The photographs in the zine capture Sandoval and her husband sharing tender and intimate moments, paired with observations of everyday life. Her images often focus on his long red hair, his body, his legs, and how they move together as a couple in their space. The zine opens with a shot of Sandoval on the street, looking back over her shoulder, while the photo on the right captures a small cactus planted on the side of the road. The juxtaposition makes clear parallels between a cactus growing in an alien environment and the artist herself living in a foreign country. The next spread pairs two photographs, one of Sandoval posing nude in her apartment with rays of sunshine on her body, and a second of her husband outside in a washed pink t-shirt – and then we notice that the artist is also present in the reflection of the building as she takes his photograph. 

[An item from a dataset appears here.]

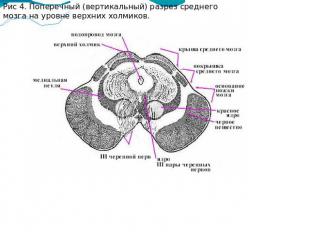 Рис 4. Поперечный (вертикальный) разрез среднего мозга на уровне верхних холмико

Later on, an image of mannequins modeling wigs in a display window is placed next to a portrait of Dylan on the fire escape, as he stands with his eyes closed as sunlight falls on his face and body. It is a tender and gentle photograph. The zine ends with a full spread portrait of Sandoval, nude on the bed holding her cat as the sun gently touches her body. Her photographs powerfully document a story of trust, shared intimacy, and love, and it’s an emphatic and thoughtful response to the bureaucratic immigration process questioning her love relationship. 

Sangre de mi Sangre is an intimately small and self-contained project, well matched to the zine format. Sandoval’s photographs expose her vulnerability and share an emotional experience of public exposure that is not often discussed or documented. It’s a terrific start for the new imprint, and it will be exciting to see what other projects Matarile Ediciones will feature next. 

Collector’s POV: Martha Naranjo Sandoval is represented by Notas Al Futuro in Mexico/Colombia (here). Her work has little secondary market history at this point, so gallery retail remains the best option for those collectors interested in following up.